TASK GOAL.
For this exercise, repeat the records below exactly and omit every picture.

DATA IN THIS EXERCISE.
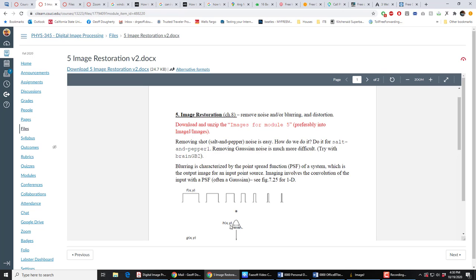You can't get anything smaller. You can't get an image smaller than the Point Spread Function, because even a point object gives you an image which is the width of the Point Spread Function. This can only get worse in a digital system, which depends on the sampling — that is, the pixel size.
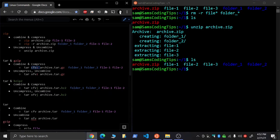V for verbose, so it displays as it's doing it. And the Z option right here actually uses the gzip compression method. If you want to use the bzip2, you'll have to use the J option.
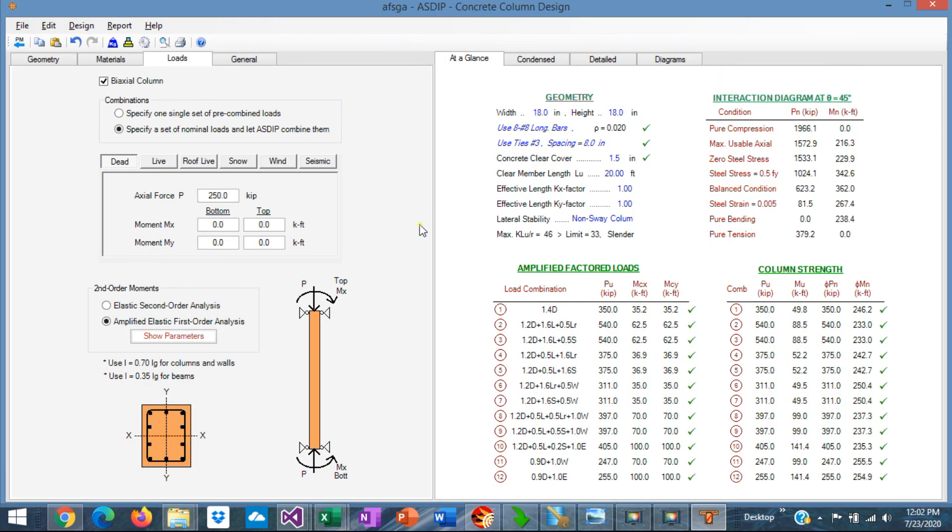So you can see how easy and how fast is to design a concrete column in ASDEEP Concrete. You can save a lot of time and effort by using this tool.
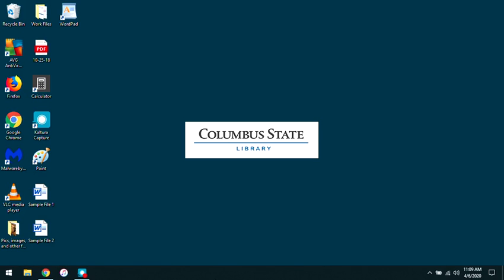This concludes our tutorial, Accessing Remote Storage. Columbus State students and staff can access Research and Citation Help 24-7 at the library's website, library.cscc.edu. Thanks for watching.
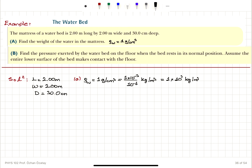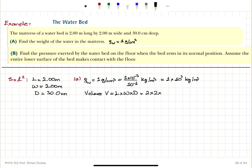What is the volume of this mattress? The volume V is the product of length, width, and depth. The length and width are in SI units — 2 meters each — but the depth is in centimeters, so it's 30 times 10⁻² meters. This gives us a volume of 1.2 meter cubed.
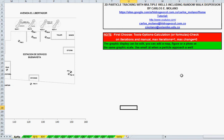This spreadsheet is for two-dimensional particle tracking with multiple wells, including random well dispersion. You can download this spreadsheet from this website.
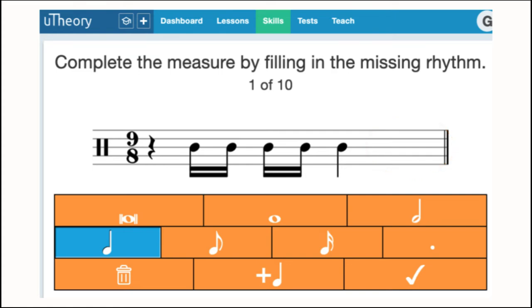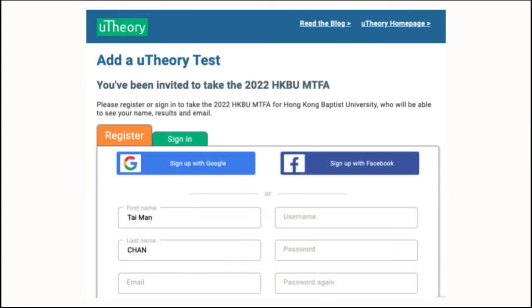To get started, follow the link that was sent to you by email and register a new account with your information. Note that first name refers to your given name, and last name refers to your surname or family name. You may choose to use your own personal email for this account — we are only using Utheory for this assessment. Please be sure to use your official name when you sign up so that we know who is completing your assessment.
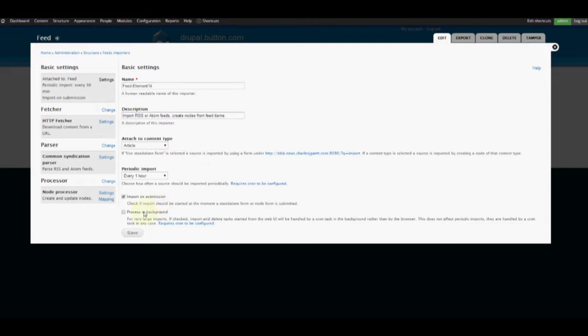We will not process it in the background because this is the only thing we're going to be doing. Click Save and save that.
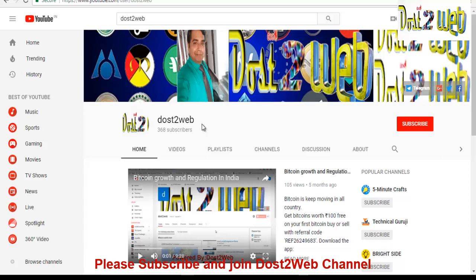Hello friends, welcome to Dost2Web. Before proceeding with today's tutorial, I am going to guide you through the steps on how to register for BSI token. Before proceeding, I'd like to request you all, please subscribe to my Dost2Web channel if you have not subscribed. You can click on this red color button subscribe.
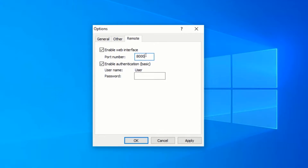If you would like to be authenticated before accessing the web interface, leave the Enable Authentication checkbox enabled. Since I don't want to be authenticated, I will uncheck the Enable Authentication checkbox. After you are done, click on Apply.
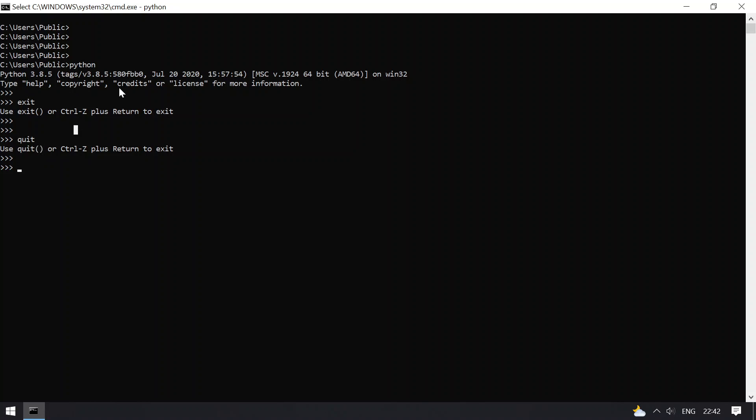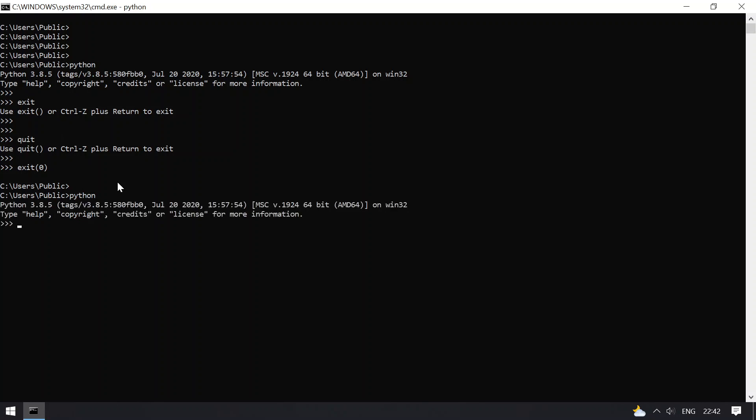Let's see exit. Let me give 0 as a return, and you can see the Python interpreter has exited. Let me again invoke the Python interpreter. Now I will use quit.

ANSWER TO THIS PROBLEM.
You can't get anything smaller. You can't get an image smaller than the Point Spread Function, because even a point object gives you an image which is the width of the Point Spread Function. This can only get worse in a digital system, which depends on the sampling — that is, the pixel size.
V for verbose, so it displays as it's doing it. And the Z option right here actually uses the gzip compression method. If you want to use the bzip2, you'll have to use the J option.
So you can see how easy and how fast is to design a concrete column in ASDEEP Concrete. You can save a lot of time and effort by using this tool.
This concludes our tutorial, Accessing Remote Storage. Columbus State students and staff can access Research and Citation Help 24-7 at the library's website, library.cscc.edu. Thanks for watching.
What is the volume of this mattress? The volume V is the product of length, width, and depth. The length and width are in SI units — 2 meters each — but the depth is in centimeters, so it's 30 times 10⁻² meters. This gives us a volume of 1.2 meter cubed.
This spreadsheet is for two-dimensional particle tracking with multiple wells, including random well dispersion. You can download this spreadsheet from this website.
To get started, follow the link that was sent to you by email and register a new account with your information. Note that first name refers to your given name, and last name refers to your surname or family name. You may choose to use your own personal email for this account — we are only using Utheory for this assessment. Please be sure to use your official name when you sign up so that we know who is completing your assessment.
We will not process it in the background because this is the only thing we're going to be doing. Click Save and save that.
Hello friends, welcome to Dost2Web. Before proceeding with today's tutorial, I am going to guide you through the steps on how to register for BSI token. Before proceeding, I'd like to request you all, please subscribe to my Dost2Web channel if you have not subscribed. You can click on this red color button subscribe.
If you would like to be authenticated before accessing the web interface, leave the Enable Authentication checkbox enabled. Since I don't want to be authenticated, I will uncheck the Enable Authentication checkbox. After you are done, click on Apply.
Let's see exit. Let me give 0 as a return, and you can see the Python interpreter has exited. Let me again invoke the Python interpreter. Now I will use quit.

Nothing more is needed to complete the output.